Ik voel het lichaam van de spriet verslappen en duw hem van me af. Ik ga vervolgens boven op hem zitten en wil hem de handboeien om doen. Ik heb al die tijd gewacht met het gebruik van pepperspray in de kleine kamer, omdat de kans op besmetting groot is. Bij gebruik kan Robin of ikzelf hierdoor ook uitgeschakeld worden, wat nog gevaarlijker is. Maar als de spriet opnieuw tot leven komt en zich weer begint te verzetten pak ik mijn pepperspray, pak hem bij zijn haren beet en spuit zijn ogen vol.
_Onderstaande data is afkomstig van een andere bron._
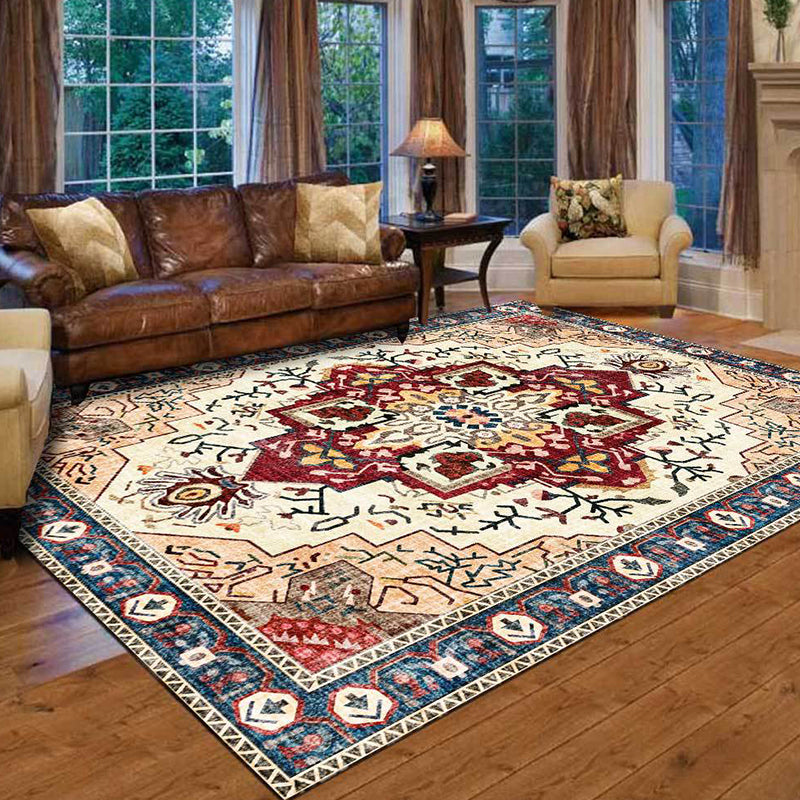 Moroccan Medallion Print Rug Light Brown Polyester Rug Machine Washable Non-Slip Area Rug for Living Room Clearhalo 'Area Rug' 'Moroccan' 'Rugs' Rug' 1610374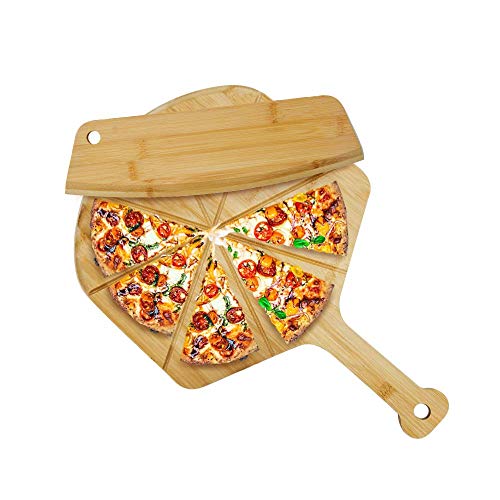 AXSCOK Premium Pizza Peel and Cutter Set, 12 Inch Bamboo Pizza Paddle Cutting Board Builtin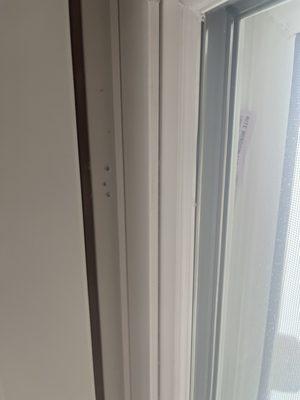 Holes in brand new windows trim from faulty installation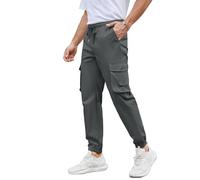 NANAMEEI Men's Cargo Trousers Breathable Joggers tretch Work Pants Adjustable Drawstring WAIS Hiking Pants with 8 Pockets,Dark Gray,2XL
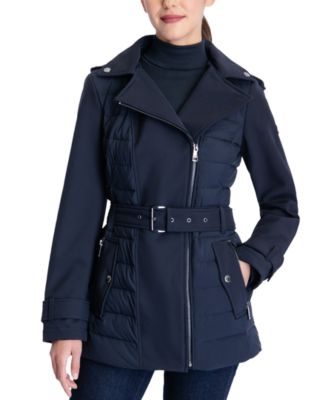 michael michael kors hooded belted raincoat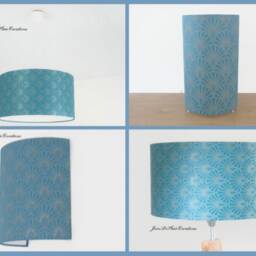 Turquoise Blue Geometric Art Deco Lampshade Or Pendant Light - Ideal Christmas Birthday Gift - thumbnail 4
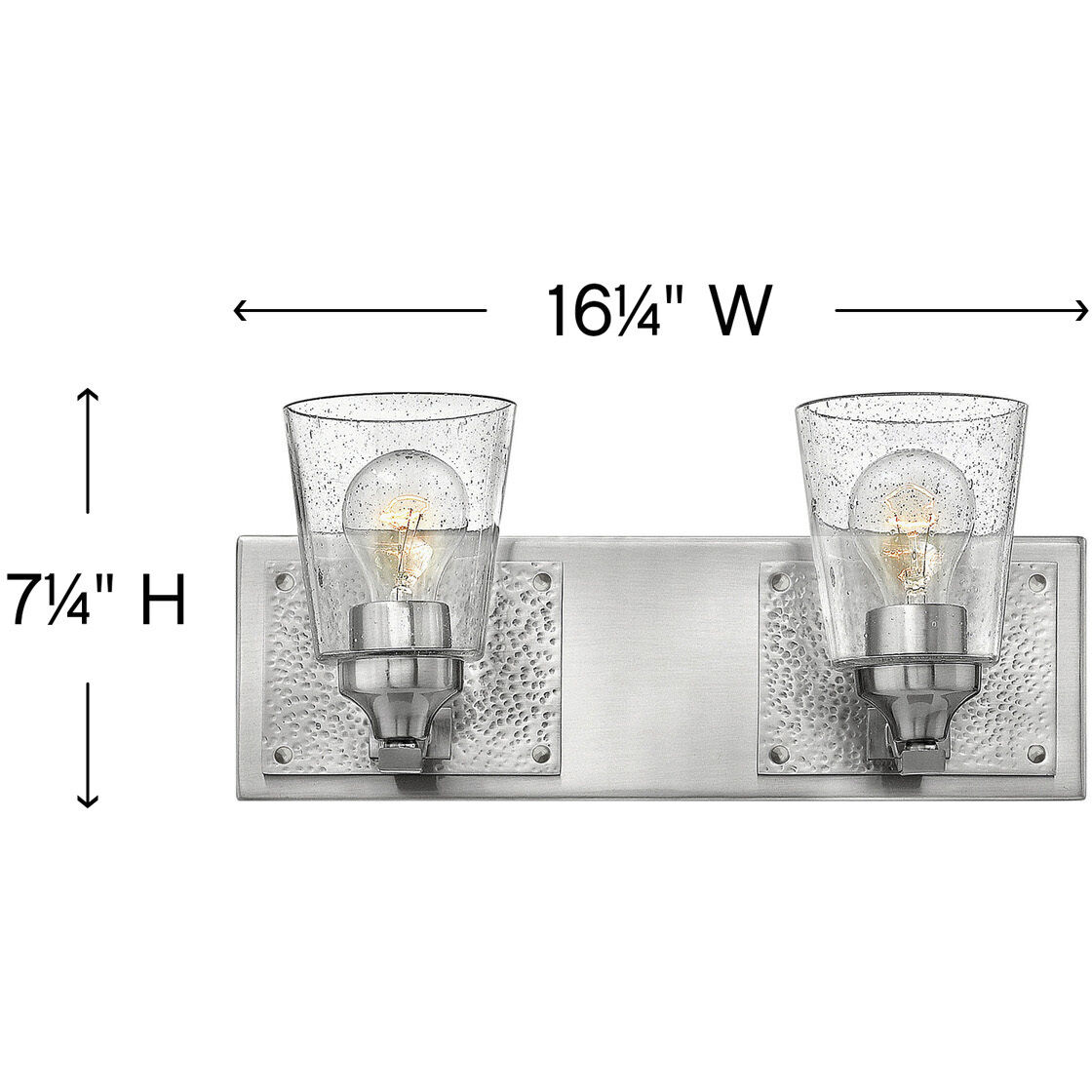 Jackson 2 Light 16.25 inch Brushed Nickel with Polished Antique Nickel Vanity Light Wall Light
Ik wil maar één ding en dat is zo snel mogelijk naar buiten toe. Ik pak de spriet beet en roep naar Robin dat die zijn benen vast moet pakken, voordat de reus met het ‘feestje’ mee gaat doen. Waar ik al bang voor was, gebeurt met het gebruik van de pepperspray. Kennelijk doordat ik vrij dichtbij de spriet gepepperd heb kaatst de spray en treft de reus in het gezicht. De reus ontwaakt en begint hierdoor heftig te kuchen en wil opstaan. Ik geef de reus een flinke duw en deze valt achterover in de zitbank. Al vechtend, de beide dames wegduwend, banen we ons een weg naar de uitgang. Daar staat inmiddels Rob weer, die de deur voor ons openhoudt en gelijk weer dicht trekt als we hierdoor zijn. In het trappenhuis lopen we, de spriet met kop en kont beethoudend, naar beneden. We horen op dat moment heel veel sirenes.
De spriet gilt als een mager speenvarken, kennelijk doet de pepperspray flink zeer. Ik zie dat mijn hele overhemd onder het bloed zit en zie dat in mijn arm een paar oppervlakkige snijwonden zitten. Ook de spriet heeft een aantal oppervlakkige snijwonden aan zijn gezicht en armen. Door de worsteling is het bloed overal uitgesmeerd en zie ik eruit of ik zwaargewond ben. Beneden gekomen staat het vol met politieauto’s en met collega’s die met verbazing staan te kijken naar ons: een gillende spriet, een zwaar bebloede Piet en het verbeten gezicht van Robin, die de spriet helemaal zat is.
Ik roep tegen de collega’s dat alles onder controle is en dat we ‘de buit’ binnen hebben. De spriet wordt op z’n buik in de bus gelegd, ik ga boven op hem zitten en we rijden naar het politiebureau. Ik ben echt pissig, duw de spriet met zijn hoofd op de grond en zeg : “Wij zijn de baas, begrijp je dat? Wij zijn de baas! Dan begint de spriet keihard te lachen en herhaalt met een Pools accent : Wai zin de baas! Bij aankomst staat er een ontvangstcomité klaar. Als ze ons zien kijken ze ons bezorgd aan. De spriet blijft luidkeels continue herhalen: “Wai zin de baas! De collega’s vragen wat de spriet nu precies roept. Ik zeg tegen hen dat ik hem zojuist zijn eerst zin in het Nederlands heb geleerd.
Achteraf besef ik dat we heel veel geluk gehad hebben. Bij het zien van mezelf in de spiegel heb ik wel gelachen, ik kon me de bezorgde blikken van mijn collega’s voorstellen, want ik zag er niet uit !!Gelukkig blijken de snijwonden oppervlakkig te zijn en kan ik met een paar pleisters en een schoon overhemd weer verder.

De spriet bleek na ontnuchtering niks meer van het voorval te weten dan alleen een zin die in zijn hoofd was blijven hangen: “wij zijn de baas!”